I sat in silence as they discussed what they did for Valentine's Day with their husbands. I smiled and nodded through extensive discussions about how excited they are to begin decorating their new homes. And when asked, I tried my best to make my dating life sound much more exciting than it actually is. While they listened intently, seeing dating in your 20s as mysterious, dramatic, and just like the movies, I felt like the circus freak friend who still couldn't get her act together long enough to commit.
The change I felt in my friendships was odd and unexpected. Suddenly I didn't know how to relate to these girls whom I stayed up with until 3 a.m. all through college, running to Target in our pajamas to buy Ben&Jerry's. We have so many memories together. They shaped who I am today, and I'm grateful they're in my life. But being around them made me feel weird.
As a matter of fact, I spent much of the weekend feeling out of place and awkward.
As I drove home, thinking back over the weekend, I realized it wasn't only awkwardness I felt. If I had to admit it, I also felt grateful.
I'm happy for my friends. They have wonderful husbands and I'm proud of them for the commitments they've made. But I didn't drive home feeling envious of their lives; I drove home feeling content over how thankful I am for my current place in life. I like—nay—love, being single. And I know I'm not ready to be married.
It occurred to me that God doesn't allow us all to tread down the same path at the exact same time. He holds us back, he spins us around, and sometimes he pushes us forward into new places and forces us to cut down bushes and forge our own paths.

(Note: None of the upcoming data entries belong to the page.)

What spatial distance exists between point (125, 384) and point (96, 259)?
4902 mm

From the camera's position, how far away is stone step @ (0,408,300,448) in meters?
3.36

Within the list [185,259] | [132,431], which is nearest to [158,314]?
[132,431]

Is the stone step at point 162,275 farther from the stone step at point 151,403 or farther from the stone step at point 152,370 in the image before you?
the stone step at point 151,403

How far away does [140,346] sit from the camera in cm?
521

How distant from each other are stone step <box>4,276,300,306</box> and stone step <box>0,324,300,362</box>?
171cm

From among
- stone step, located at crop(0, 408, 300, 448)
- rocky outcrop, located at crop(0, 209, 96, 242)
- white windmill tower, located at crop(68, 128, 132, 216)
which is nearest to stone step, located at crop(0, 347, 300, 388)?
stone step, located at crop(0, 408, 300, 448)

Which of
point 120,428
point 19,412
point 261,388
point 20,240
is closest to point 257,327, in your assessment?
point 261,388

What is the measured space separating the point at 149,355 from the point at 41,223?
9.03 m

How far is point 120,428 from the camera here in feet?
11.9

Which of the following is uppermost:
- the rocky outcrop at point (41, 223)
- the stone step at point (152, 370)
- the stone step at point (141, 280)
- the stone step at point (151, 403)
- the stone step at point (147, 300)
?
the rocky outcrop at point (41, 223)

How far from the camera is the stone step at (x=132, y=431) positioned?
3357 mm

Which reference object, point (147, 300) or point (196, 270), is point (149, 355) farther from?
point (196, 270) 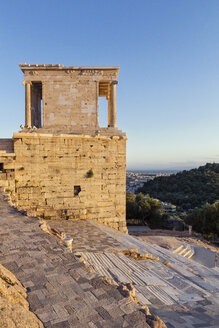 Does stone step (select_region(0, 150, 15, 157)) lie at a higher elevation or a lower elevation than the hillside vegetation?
higher

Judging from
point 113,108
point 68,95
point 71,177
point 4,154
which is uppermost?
point 68,95

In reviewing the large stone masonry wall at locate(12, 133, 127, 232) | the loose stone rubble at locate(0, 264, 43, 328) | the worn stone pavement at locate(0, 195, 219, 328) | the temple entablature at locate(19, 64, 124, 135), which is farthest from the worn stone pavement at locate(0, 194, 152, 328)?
the temple entablature at locate(19, 64, 124, 135)

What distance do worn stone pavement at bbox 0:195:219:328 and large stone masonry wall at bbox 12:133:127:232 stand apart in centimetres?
278

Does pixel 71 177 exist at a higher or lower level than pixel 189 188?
higher

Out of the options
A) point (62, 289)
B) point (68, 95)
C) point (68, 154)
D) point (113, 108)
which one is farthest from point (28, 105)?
point (62, 289)

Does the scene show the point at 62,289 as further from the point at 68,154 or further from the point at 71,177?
the point at 68,154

For them, that means planning and waiting on new houses and future babies and all sorts of wonderful things.
For me, it means exploring this world on my own for a while. And now that I know myself a bit more, I think that's a good thing. I probably would have been miserable if I'd gotten married right out of college, and God knew that before I did. Growing over the last few years has brought me back to who I really am: a girl who loves art and music and people and writing and chocolate and lost souls and Harry Potter.
In this "awkward in-between time," God keeps showing me that he can take care of me better than anyone else. When I needed a job, God provided. When I was lonely and prayed for friends in Illinois, God gave me some of the most incredible men and women I've ever met.

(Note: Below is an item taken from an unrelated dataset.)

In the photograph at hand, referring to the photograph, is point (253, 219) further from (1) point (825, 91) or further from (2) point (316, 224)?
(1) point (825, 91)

Of course, I'd be lying if said I don't feel like I'm waiting, a little, for the next phase. Singleness isn't as exciting as my married friends seem to think, and there's nothing glamorous about painful first dates or getting your heart broken. But I've learned to stop trying to push my life forward, and to start loving the here and now. In a twisted way, I've learned to love this awkward phase, because most of the time it's downright funny and makes for great stories.
God's timing is perfect. And right now he sees fit to use the version of me that has an undivided heart.
So who am I to argue with God's logic?
The sad thing is, I see a lot of single, Christian women (and men, for that matter) who live with the mentality that they're at a bus stop, waiting impatiently for the marriage bus to whisk them to their happily ever after. They seem bored and unhappy, but I suppose anyone would be, spending their lives on a hard, wooden bench by the curb, day after day. It's no way to live. It's a waste. I think it might even be a sin.
God tells us in Jeremiah 29:11 that he knows the plans he has for us. His plans are not to hurt us, but to give us hope and wholeness and a future. And with that promise, I'm given the freedom to live everyday as an adventure, and more important, to live in the present. I no longer have to wonder anxiously when the next step is going to happen, or if it will be the right one. God knows. He knows me, and he knows his plan. And that's all that matters.
Although I might be at an awkward stage, it's in those awkward stages that we do the most growing. Physically, it's how we move from childhood to adulthood. Spiritually, I think it's the same.
What is your awkward stage right now? Are you waiting for something? Is it holding you back from living to the fullest?